In 1988, Cooper Robertson partner John Kirk interviewed Michael Graves for Modulus, the Architectural Review of the University of Virginia. Then a lecturer at the University, John posed inquiries about the nature and meaning of cities, architectural language, and preservation to Graves, who was in the midst of the design of Bryan Hall at the University and the expansion of the Whitney Museum of American Art in New York.
JK: You have said at the onset of the Whitney commission that the Whitney might well be the most culturally important building that you do. The program for your building at UVA is not nearly as significant as that of the Whitney, but the context certainly is. In your own terms, what is the cultural significance of this project and what are the implications—perhaps in terms of measure and decorum—on a an architect operating in this very sensitive area?
MG: First of all, I don't see the UVA context as that fragile. I see it as quite rough and naïve—naïve in the best sense, in the constructional sense—while the Whitney portrays a kind of confidence. Look at the work of the two architects, its quite extraordinary to make a comparison: on the one hand, Jefferson makes it very easy to add to, or even subtract from his composition. I don't feel that his composition is fixed, although most people do. It seems to me that Jefferson's composition is no more fixed than is Hadrian's Villa. If Jefferson had built his village for twice the population and with twice the budget, quite clearly, he would not have simply made an extended version of the Lawn. He would have found other configurations to create distances, and levels of privacy, and distinctions of hierarchy in academical living. That is exactly what a collection of individual architects have done over the years at UVA, working after Jefferson, but without great vision.
On the other hand, Breuer's Whitney does not provide the kind of context of continuance offered by Jefferson's work. Breuer's building does not suggest how one might make the next move. Breuer probably thought that if he were alive when the Whitney was expanded, he would simply continue the step-back sectional extrusion of his building... If Jefferson had built the Whitney, instead of Breuer, that step-back section would never have entered his mind because it is anti-urban. It makes a moat between the sidewalk and the work of art; it sets itself apart and creates a psychological distance, which makes both the museum and its art almost inaccessible. Jefferson would have thought through the problem so that the building—no matter what its stylistic language—would have been appropriate for the city; it would have been in the language of the city.
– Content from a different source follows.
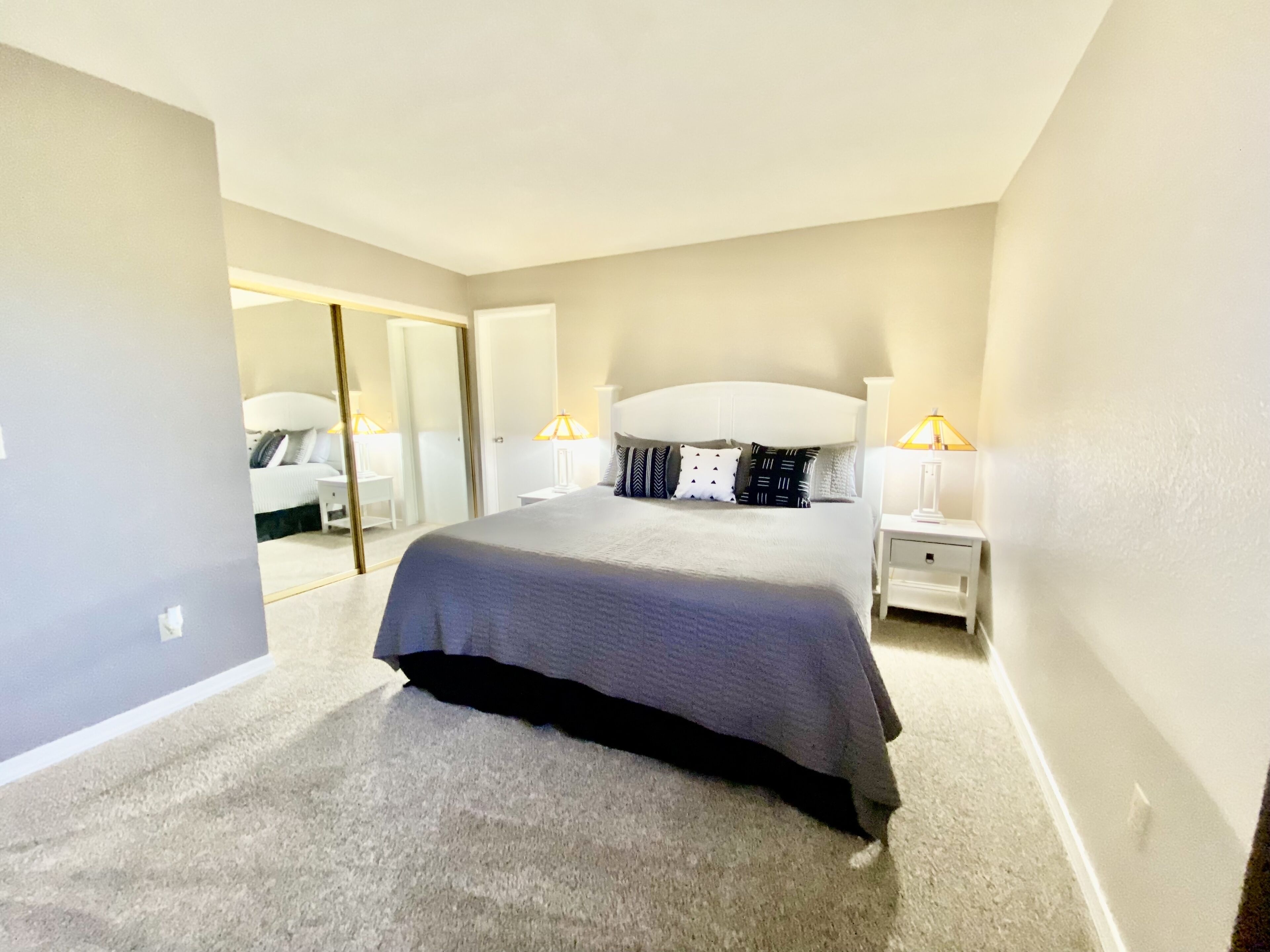 A bedroom with a large bed, a nightstand, a lamp, and a mirror.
Graves' Arts and Sciences Building, soon after renamed Bryan Hall, came to fruition shortly after the interview was published; his proposal for the Whitney expansion took a contorted path back to the drawing board for multiple schemes. The Whitney, unable to gain support, eventually scrapped the project—one of a series of efforts, struggles, and successes that led to the new Whitney Museum of American Art in the Meatpacking District, which will open in 2015.